[Dataset excerpts]
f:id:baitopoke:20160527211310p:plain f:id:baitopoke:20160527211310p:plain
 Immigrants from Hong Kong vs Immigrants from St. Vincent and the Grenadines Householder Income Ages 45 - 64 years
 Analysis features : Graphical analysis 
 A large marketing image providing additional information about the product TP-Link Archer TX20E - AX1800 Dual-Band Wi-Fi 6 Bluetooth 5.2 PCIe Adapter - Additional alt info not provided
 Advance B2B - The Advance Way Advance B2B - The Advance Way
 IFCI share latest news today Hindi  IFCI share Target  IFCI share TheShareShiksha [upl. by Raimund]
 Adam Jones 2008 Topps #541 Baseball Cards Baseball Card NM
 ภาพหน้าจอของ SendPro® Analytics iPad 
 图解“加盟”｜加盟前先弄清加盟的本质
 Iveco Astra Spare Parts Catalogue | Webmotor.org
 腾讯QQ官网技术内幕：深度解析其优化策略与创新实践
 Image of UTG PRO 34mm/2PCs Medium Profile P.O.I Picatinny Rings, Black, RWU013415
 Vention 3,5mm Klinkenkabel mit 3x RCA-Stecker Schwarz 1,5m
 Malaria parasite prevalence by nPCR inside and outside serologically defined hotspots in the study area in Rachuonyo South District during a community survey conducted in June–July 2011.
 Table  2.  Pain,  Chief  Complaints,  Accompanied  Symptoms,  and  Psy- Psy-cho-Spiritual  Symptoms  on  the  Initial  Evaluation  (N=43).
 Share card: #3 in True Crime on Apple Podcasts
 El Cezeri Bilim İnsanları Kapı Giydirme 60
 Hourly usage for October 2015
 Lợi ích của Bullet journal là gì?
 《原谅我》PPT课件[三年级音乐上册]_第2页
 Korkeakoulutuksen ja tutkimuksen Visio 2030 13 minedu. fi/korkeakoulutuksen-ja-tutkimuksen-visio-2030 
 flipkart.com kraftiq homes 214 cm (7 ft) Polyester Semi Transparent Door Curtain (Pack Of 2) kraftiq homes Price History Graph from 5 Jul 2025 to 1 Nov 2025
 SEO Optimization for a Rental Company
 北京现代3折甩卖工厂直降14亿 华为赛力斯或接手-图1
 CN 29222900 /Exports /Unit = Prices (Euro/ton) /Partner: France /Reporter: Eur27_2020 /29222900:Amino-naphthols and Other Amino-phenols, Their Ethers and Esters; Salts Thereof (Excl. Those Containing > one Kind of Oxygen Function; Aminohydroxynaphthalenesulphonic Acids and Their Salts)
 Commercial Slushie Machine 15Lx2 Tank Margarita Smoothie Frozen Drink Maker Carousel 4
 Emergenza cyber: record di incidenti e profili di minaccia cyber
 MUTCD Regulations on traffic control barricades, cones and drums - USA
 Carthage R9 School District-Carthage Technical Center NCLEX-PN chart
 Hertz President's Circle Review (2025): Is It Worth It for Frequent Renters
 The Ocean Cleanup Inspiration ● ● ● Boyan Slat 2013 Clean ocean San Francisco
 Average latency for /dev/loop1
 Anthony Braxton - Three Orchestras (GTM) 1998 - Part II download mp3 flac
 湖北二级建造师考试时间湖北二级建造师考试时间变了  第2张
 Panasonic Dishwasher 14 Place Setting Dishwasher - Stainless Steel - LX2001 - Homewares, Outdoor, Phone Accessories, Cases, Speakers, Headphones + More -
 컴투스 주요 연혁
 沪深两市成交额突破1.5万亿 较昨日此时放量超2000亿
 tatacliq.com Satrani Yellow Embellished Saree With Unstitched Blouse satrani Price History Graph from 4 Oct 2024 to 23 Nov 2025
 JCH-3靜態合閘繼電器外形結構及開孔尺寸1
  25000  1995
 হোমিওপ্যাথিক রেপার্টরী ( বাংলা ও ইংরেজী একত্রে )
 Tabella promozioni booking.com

**Your assignment**
What you retype should run from the first line of the entries above through the line containing "Image of UTG", exactly and in full.

**Result of this exercise**
f:id:baitopoke:20160527211310p:plain f:id:baitopoke:20160527211310p:plain
 Immigrants from Hong Kong vs Immigrants from St. Vincent and the Grenadines Householder Income Ages 45 - 64 years
 Analysis features : Graphical analysis 
 A large marketing image providing additional information about the product TP-Link Archer TX20E - AX1800 Dual-Band Wi-Fi 6 Bluetooth 5.2 PCIe Adapter - Additional alt info not provided
 Advance B2B - The Advance Way Advance B2B - The Advance Way
 IFCI share latest news today Hindi  IFCI share Target  IFCI share TheShareShiksha [upl. by Raimund]
 Adam Jones 2008 Topps #541 Baseball Cards Baseball Card NM
 ภาพหน้าจอของ SendPro® Analytics iPad 
 图解“加盟”｜加盟前先弄清加盟的本质
 Iveco Astra Spare Parts Catalogue | Webmotor.org
 腾讯QQ官网技术内幕：深度解析其优化策略与创新实践
 Image of UTG PRO 34mm/2PCs Medium Profile P.O.I Picatinny Rings, Black, RWU013415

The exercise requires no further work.